BOSTON--(BUSINESS WIRE)--Pear Therapeutics today announced the filing of a submission to the U.S. Food and Drug Administration (FDA) seeking marketing authorization for Somryst™, a prescription digital therapeutic (PDT) intended for use in the treatment of adults with chronic insomnia and depression. Depression is the most common co-occurring disorder with insomnia.1
Somryst is intended to provide tailored neurobehavioral interventions, specifically Cognitive Behavioral Therapy for insomnia (CBTi) and sleep restriction driven by learning algorithms to reduce the severity of insomnia and symptoms of depression. CBTi is considered first-line treatment for chronic insomnia,2 but most people do not have access to nor receive the recommended treatment, and there currently are no FDA-authorized therapeutics that deliver CBTi.3
“One in three adults suffer from symptoms of insomnia in a given week and more than 30 million adults have chronic insomnia. Chronic insomnia can have an impact on quality of life – and can put people at risk long-term for depression, hypertension, and even heart attack,” said Dr. Charles M. Morin, PhD, Professor of Psychology, Director Sleep Research Centre at Université Laval in Quebec City. “Most adults with insomnia receive medication intended for short-term use or struggle with insomnia without receiving effective, lasting treatment. Somryst could facilitate patient access to CBTi treatment with appropriate clinical oversight and management from clinicians.”
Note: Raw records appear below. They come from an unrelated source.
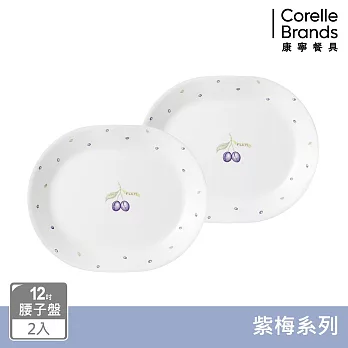 【美國康寧 CORELLE】紫梅2件式腰子盤組-B02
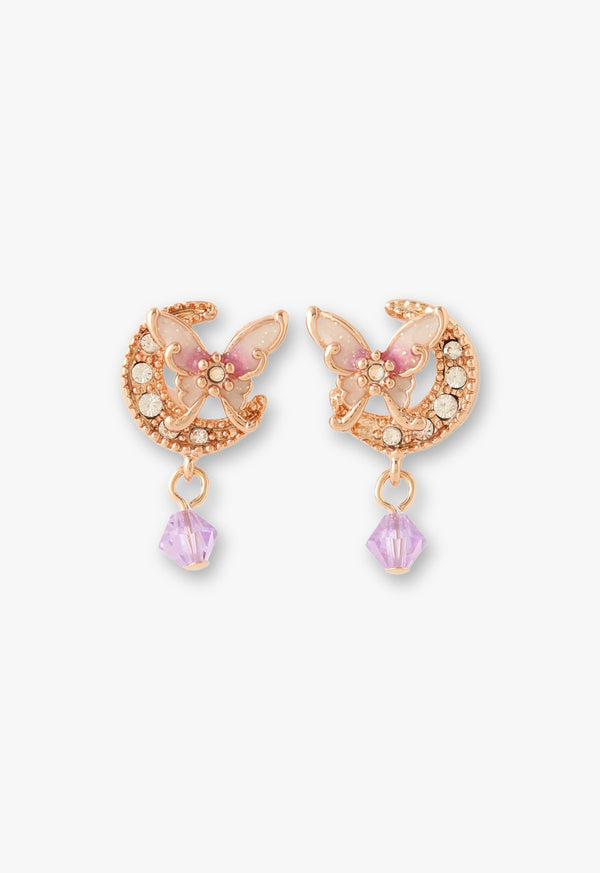 Butterfly and crescent moon motif earrings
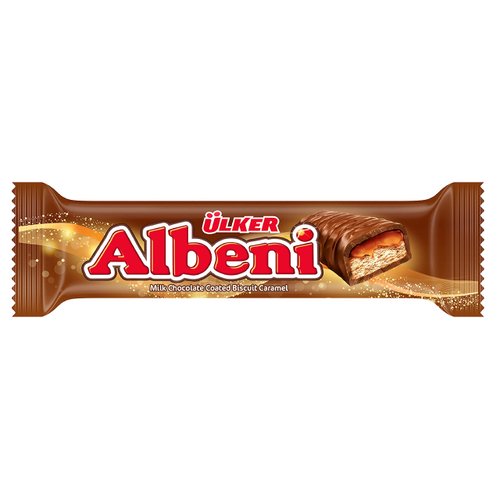 Ulker Albeni Milk Chocolate Coated Bar w Caramel and Biscuit (Pack of 24)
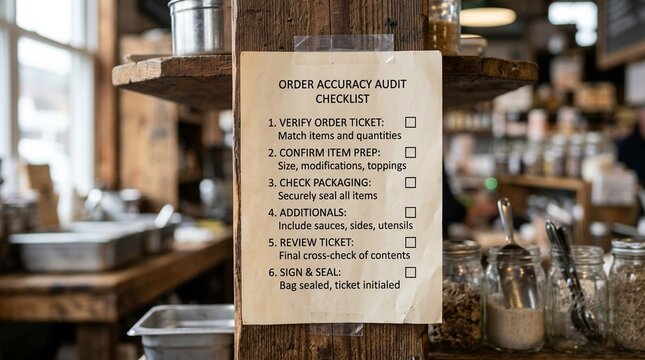 Order accuracy audit checklist taped beside a vendor station showing quality steps &ndash; Procurement and Vendor Management Stock Photo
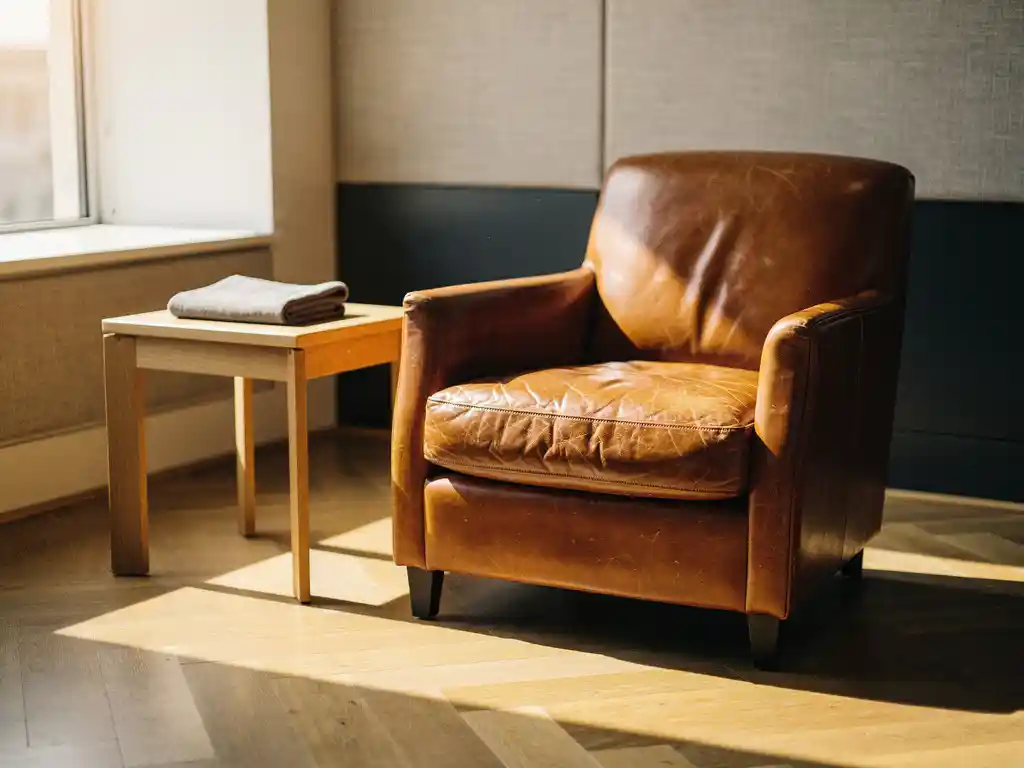 Cognac leren fauteuil in een stijlvolle bedrijfslounge met eikenhouten bijzettafel, stoffen staal en zacht middagslicht op visgraatvloer.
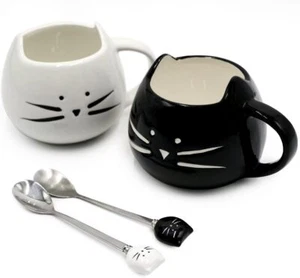 Cute Cat Mug Ceramic Coffee Mugs Set Gifts for Women Girls Cat Lovers Funny S... - Picture 1 of 6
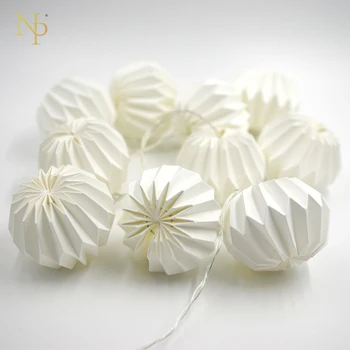 

Nicro LED Strings Paper Lanterns 1.5M Fairy Lights Pumpkin Hanging 10 Lanterns &10 Pcs Light For Wedding Party Christmas Decor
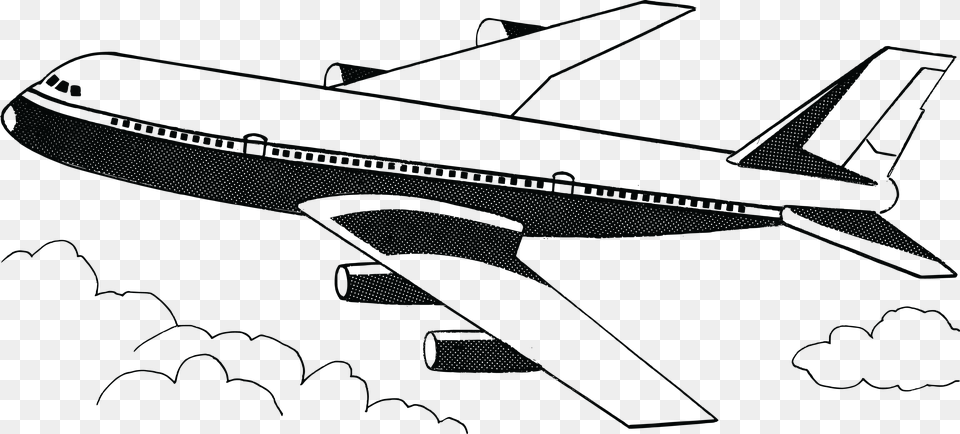 Jpg Eps Ai Svg Cdr Airplane Black And White, Aircraft, Airliner, Transportation, Vehicle Free Transparent Png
The FDA submission is supported by two randomized controlled trials evaluating the effectiveness of the investigational PDT. Together, these studies enrolled more than 1,400 adults with chronic insomnia, approximately 1,100 of whom also had depression. In the largest study, conducted over the course of nine weeks with more than 1,100 adults with chronic insomnia and depression, the treatment arm received the investigational PDT, and the comparator arm received an attention-matched digital placebo along with usual care. Results were measured at baseline, at nine weeks, and post-treatment at six months, 12 months, and 18 months. At the end of a 9-week treatment course adults randomized to the investigational PDT showed a reduction in mean Insomnia Severity Index (ISI) score to 7.27, from baseline of mean 15.92, while the control patients of showed a reduction in ISI score to a mean of 13.17, from a baseline of mean 16.23 (LS Mean Differences of -5.90, (95% CI, -6.68, -5.11); p < 0.0001). The treatment group also showed a reduction in depression severity, as measured by the Patient Health Questionnaire 9 (PHQ9), to a mean score of 3.78, from a baseline mean of 8.03, while control patients showed reduction to a mean PHQ9 score of 6.20, from a mean of 7.84 at baseline (LS Mean Differences -2.42, (95% CI, -3.01, -1.83); p < 0.0001)4. The majority of patients randomized to the investigational PDT treatment arm no longer met criteria for insomnia or depression at the end of the 9-week treatment. Clinical improvements persisted to 18 months following the initial 9-week treatment course. In addition, the study showed improvements in anxiety symptoms (as measured by the General Anxiety Disorder 7-item (GAD-7) scale), with a treatment arm mean of 3.16 compared to Control arm mean of 4.99, (LS Mean Differences -1.83, (95% CI, -2.41, -1.25); p<0.0001), and suicidal ideation (as measured by the Psychiatric Symptom Frequency Scale), with a treatment arm mean of 0.51 compared to control arm mean of 0.80, (LS Mean Differences -0.29, (95% CI, -0.53, -0.06), p = 0.0147)4. Results of the study were published in Lancet Psychiatry5.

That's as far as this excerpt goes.